[Collection entries]
+ + + +

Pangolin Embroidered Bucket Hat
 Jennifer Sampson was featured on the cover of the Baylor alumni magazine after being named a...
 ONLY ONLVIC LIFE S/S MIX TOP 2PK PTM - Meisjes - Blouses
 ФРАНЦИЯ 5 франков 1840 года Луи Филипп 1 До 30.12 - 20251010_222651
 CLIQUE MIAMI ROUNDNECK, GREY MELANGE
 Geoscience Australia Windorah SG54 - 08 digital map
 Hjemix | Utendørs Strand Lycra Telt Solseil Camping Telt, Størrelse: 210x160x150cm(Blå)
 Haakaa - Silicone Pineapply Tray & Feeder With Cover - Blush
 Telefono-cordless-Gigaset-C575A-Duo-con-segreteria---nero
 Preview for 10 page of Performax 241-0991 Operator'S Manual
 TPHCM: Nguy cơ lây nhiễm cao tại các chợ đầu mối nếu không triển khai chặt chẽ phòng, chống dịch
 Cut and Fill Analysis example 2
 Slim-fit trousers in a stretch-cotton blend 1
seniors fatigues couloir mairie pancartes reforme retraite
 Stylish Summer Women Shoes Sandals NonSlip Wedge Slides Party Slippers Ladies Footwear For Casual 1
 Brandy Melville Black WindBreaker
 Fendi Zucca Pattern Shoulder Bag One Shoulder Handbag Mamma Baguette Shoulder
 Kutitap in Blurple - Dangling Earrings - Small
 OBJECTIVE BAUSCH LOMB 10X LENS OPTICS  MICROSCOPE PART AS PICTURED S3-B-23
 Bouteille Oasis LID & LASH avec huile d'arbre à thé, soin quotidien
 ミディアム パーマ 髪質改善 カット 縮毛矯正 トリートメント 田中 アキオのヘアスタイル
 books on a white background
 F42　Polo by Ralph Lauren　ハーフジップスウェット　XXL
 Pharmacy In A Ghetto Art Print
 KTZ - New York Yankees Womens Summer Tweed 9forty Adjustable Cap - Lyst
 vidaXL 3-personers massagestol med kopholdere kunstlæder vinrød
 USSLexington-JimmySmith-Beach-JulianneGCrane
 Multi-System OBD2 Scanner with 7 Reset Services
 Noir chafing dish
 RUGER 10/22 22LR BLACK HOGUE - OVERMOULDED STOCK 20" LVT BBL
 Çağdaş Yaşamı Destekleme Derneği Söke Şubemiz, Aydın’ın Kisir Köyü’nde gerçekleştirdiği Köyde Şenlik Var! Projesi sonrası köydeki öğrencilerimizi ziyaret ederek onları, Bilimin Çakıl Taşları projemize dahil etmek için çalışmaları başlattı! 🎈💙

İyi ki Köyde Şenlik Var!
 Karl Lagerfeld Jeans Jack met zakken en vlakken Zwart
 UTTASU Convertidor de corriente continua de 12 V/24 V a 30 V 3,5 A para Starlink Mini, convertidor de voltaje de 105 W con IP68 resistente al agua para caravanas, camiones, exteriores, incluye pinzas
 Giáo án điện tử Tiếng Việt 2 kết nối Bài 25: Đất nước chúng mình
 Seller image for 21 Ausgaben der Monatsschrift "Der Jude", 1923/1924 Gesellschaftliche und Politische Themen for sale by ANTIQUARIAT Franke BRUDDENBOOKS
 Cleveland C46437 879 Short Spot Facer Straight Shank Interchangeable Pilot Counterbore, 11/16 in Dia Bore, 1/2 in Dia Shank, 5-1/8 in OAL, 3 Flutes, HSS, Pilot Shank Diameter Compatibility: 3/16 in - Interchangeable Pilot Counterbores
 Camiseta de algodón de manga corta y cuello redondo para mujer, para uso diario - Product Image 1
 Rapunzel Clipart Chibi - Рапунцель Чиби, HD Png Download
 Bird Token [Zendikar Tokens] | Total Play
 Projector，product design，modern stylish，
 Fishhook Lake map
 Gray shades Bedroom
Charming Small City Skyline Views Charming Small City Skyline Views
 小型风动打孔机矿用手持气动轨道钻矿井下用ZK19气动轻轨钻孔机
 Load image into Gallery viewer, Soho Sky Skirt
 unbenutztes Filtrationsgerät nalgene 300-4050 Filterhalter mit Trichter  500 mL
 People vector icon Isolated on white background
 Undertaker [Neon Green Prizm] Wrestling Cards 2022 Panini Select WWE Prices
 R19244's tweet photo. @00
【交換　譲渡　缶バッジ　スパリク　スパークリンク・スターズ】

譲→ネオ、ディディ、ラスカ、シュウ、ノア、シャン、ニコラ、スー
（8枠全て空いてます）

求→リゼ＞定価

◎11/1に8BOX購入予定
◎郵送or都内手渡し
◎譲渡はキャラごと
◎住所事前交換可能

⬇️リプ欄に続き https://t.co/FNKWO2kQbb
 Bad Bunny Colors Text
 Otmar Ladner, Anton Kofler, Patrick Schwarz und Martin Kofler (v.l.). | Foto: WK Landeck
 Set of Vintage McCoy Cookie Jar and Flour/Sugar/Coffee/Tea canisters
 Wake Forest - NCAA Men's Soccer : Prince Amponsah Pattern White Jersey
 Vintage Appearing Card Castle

+ + + +

**DESCRIPTION OF THE TASK**.
Above are the records. Print exactly, and only, the lines from the line with "Hjemix | Utendørs" to the line with "Brandy Melville Black WindBreaker", both inclusive.

**SOLUTION FOR THIS EXERCISE**.
 Hjemix | Utendørs Strand Lycra Telt Solseil Camping Telt, Størrelse: 210x160x150cm(Blå)
 Haakaa - Silicone Pineapply Tray & Feeder With Cover - Blush
 Telefono-cordless-Gigaset-C575A-Duo-con-segreteria---nero
 Preview for 10 page of Performax 241-0991 Operator'S Manual
 TPHCM: Nguy cơ lây nhiễm cao tại các chợ đầu mối nếu không triển khai chặt chẽ phòng, chống dịch
 Cut and Fill Analysis example 2
 Slim-fit trousers in a stretch-cotton blend 1
seniors fatigues couloir mairie pancartes reforme retraite
 Stylish Summer Women Shoes Sandals NonSlip Wedge Slides Party Slippers Ladies Footwear For Casual 1
 Brandy Melville Black WindBreaker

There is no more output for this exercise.